LONDON—The dollar edged further away from recent 20-year highs on Wednesday ahead of the U.S. Federal Reserve policy meeting, at which the central bank is expected to raise rates by another 75 basis points to tame soaring inflation.
But moves in currency markets were modest as traders await the policy announcement at 1800 GMT.
Money markets are betting that the Fed will raise rates by 75 basis points (bps), with an outside chance of a larger 100 bps hike. Traders expect the Fed to take the rate to as high as 3.4 percent by year-end to help bring inflation back to target.
Bets on oversized rate hikes helped push the dollar index, which measures the dollar against a basket of six currencies, to its highest level in almost 20 years earlier this month at 109.29, with the greenback currently up 2.1 percent in July.
At 1055 GMT, the dollar index was down 0.2 percent at 106.93.
“Markets are taking a bit off the table before tonight’s Fed meeting,” said Simon Harvey, head of FX analysis at Monex Europe. “Barring any imminent headlines on European energy or political developments I think we will see very limited ranges.”
The euro edged 0.33 percent higher to $1.0149 but failed to recoup much of Tuesday’s 1.0 percent slide, its biggest fall in over two weeks, after fears of a European recession escalated when Russia further cut gas supplies to Europe through the Nord Stream 1 pipeline.

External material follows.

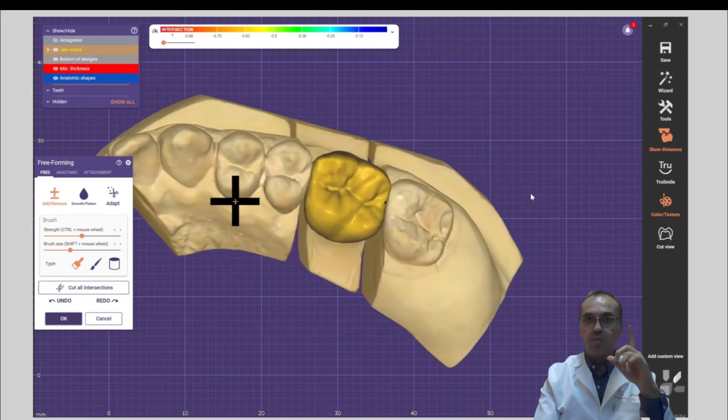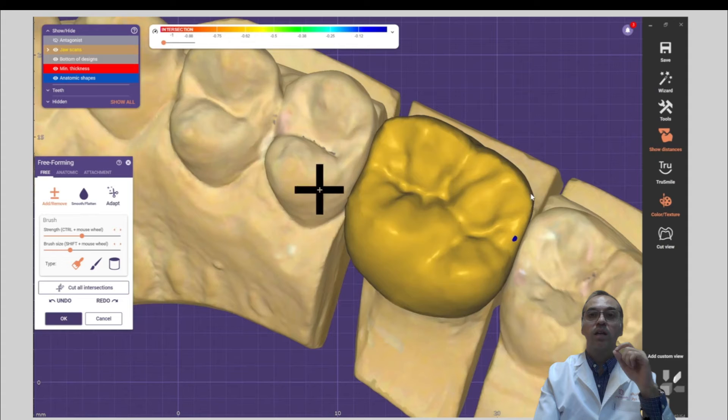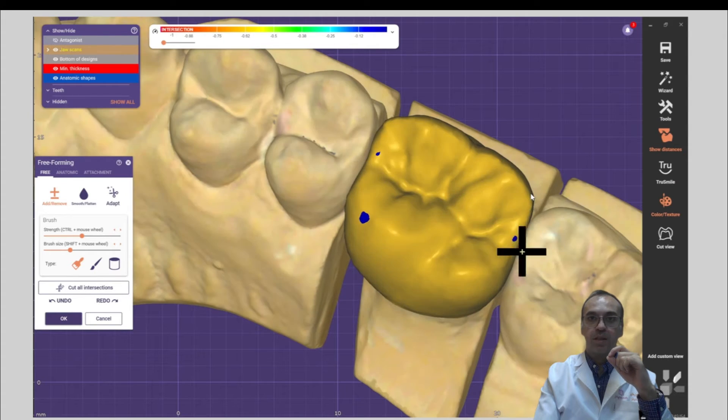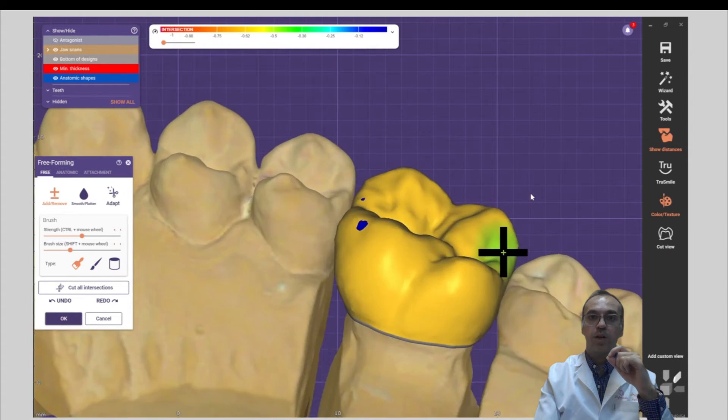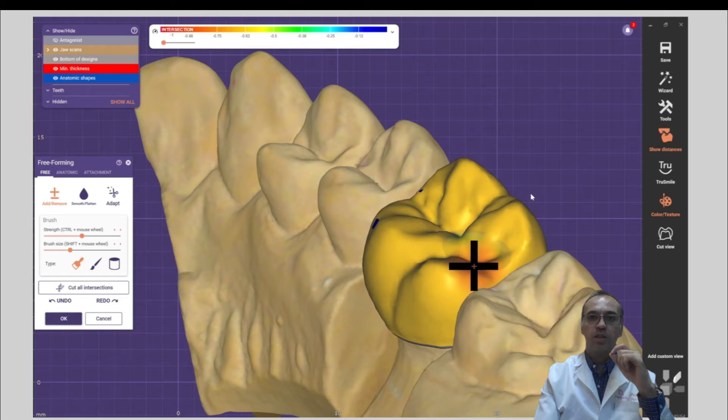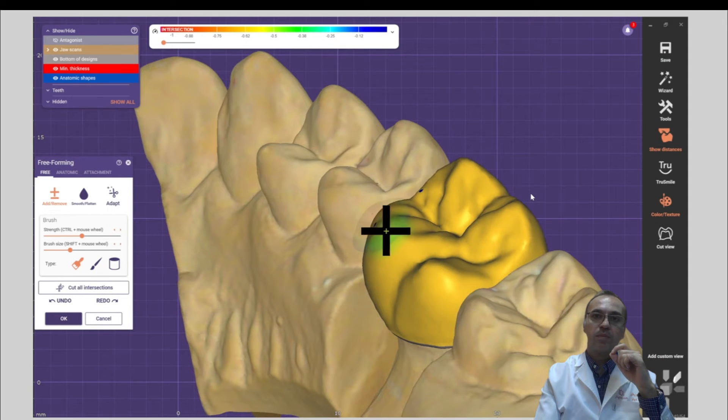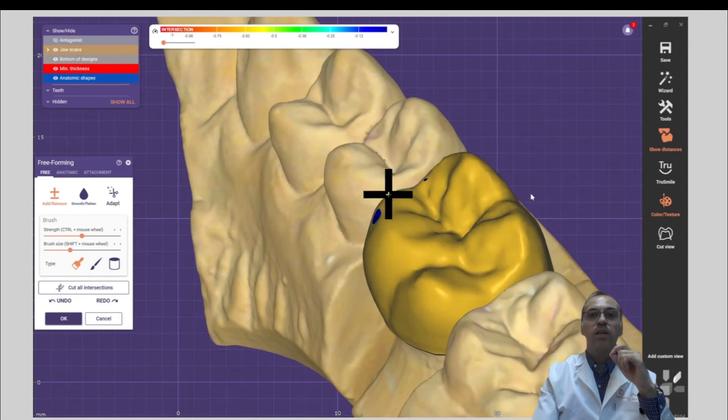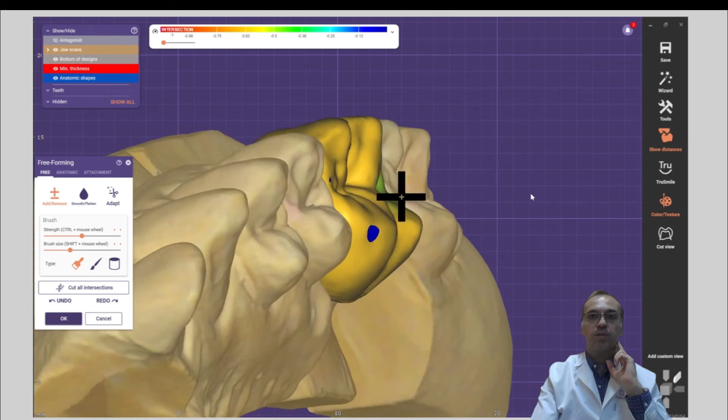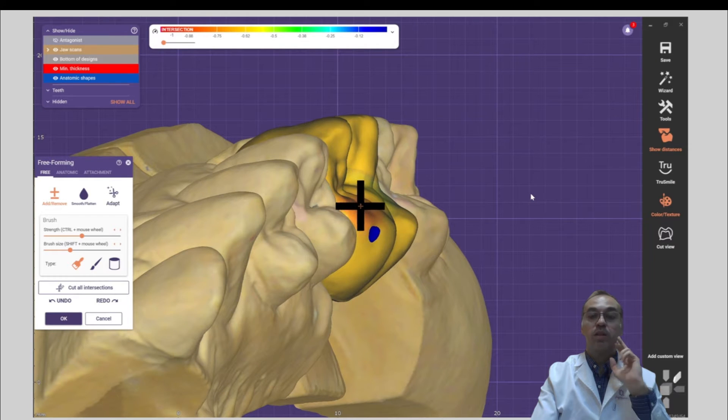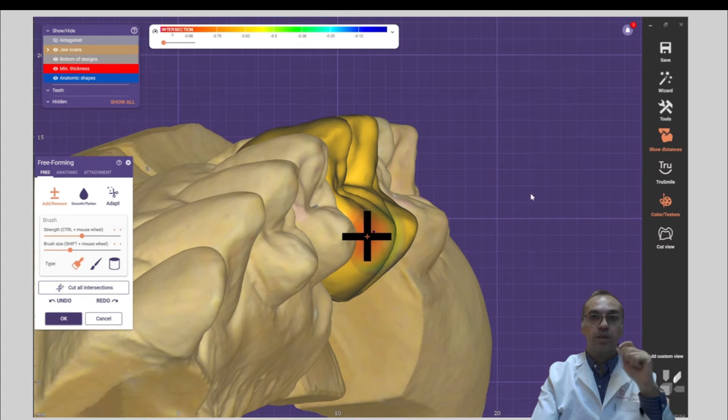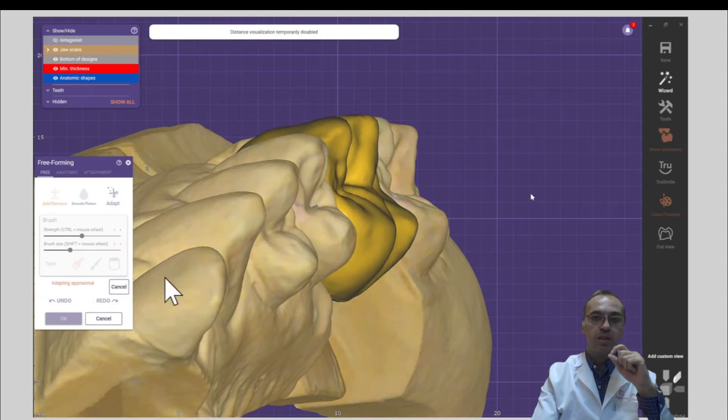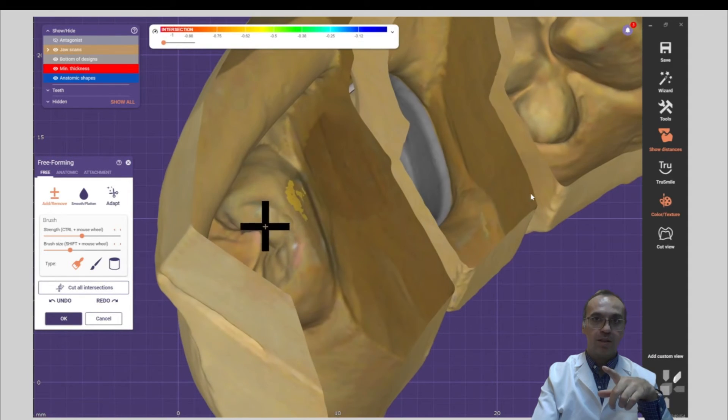And of course, one more important thing is having leveled marginal ridge. Uneven margin is one of the most sources of food impaction. And of course, in case you want to go for less quality, you should take care of the marginal ridge.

Analysts said it remained premature to short the dollar given the gas situation in Europe and rising yields in the European periphery, particularly Italy.
Italy’s yields rose further on Wednesday after rating agency S&P Global revised its outlook on Italy’s rating to stable from positive, pushing the closely watched spread between German and Italian 10-year yields to as wide as 250 bps.
“Most factors are still in favour of the dollar,” said Vincent Manuel, chief investment officer at Indosuez Wealth Management. He cited the macro backdrop between the U.S. and eurozone, peripheral spread widening, the European energy crisis, and the relative pace of monetary policy normalization.
The Australian dollar was up 0.12 percent to $0.69455 as Australian inflation sped to a 21-year high in the last quarter, although the figure was not as high as some investors feared and some rate hike bets were pulled back.
Traders are now pricing in an around 86 percent chance of a 50 bps rate hike by the RBA next week, and a 14 percent chance of a more modest 25 bps hike.
The dollar was down 0.2 percent to 136.69 yen. Against the safe-haven Swiss franc, the dollar was also down 0.2 percent at $0.9612.
In cryptocurrencies, bitcoin was steady at $21,301.